— Data to process —
——————

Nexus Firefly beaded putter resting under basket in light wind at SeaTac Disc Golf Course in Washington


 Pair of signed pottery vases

——————

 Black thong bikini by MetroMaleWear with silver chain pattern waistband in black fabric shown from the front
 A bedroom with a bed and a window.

——————

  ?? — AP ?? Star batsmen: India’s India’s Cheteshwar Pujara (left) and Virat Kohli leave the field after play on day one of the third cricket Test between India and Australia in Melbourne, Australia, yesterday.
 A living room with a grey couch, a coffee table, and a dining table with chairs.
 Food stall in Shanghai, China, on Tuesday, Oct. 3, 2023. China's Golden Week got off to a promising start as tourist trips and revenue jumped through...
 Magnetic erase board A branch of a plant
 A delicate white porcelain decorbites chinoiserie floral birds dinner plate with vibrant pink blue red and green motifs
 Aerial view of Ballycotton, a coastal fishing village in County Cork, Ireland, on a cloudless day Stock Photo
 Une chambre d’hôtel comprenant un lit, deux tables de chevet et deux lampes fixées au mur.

——————

— Task prompt —
Find the lines of the listing above that hold "with". Please copy them.

— Output for this task —
 Black thong bikini by MetroMaleWear with silver chain pattern waistband in black fabric shown from the front
 A bedroom with a bed and a window.
 A living room with a grey couch, a coffee table, and a dining table with chairs.
 A delicate white porcelain decorbites chinoiserie floral birds dinner plate with vibrant pink blue red and green motifs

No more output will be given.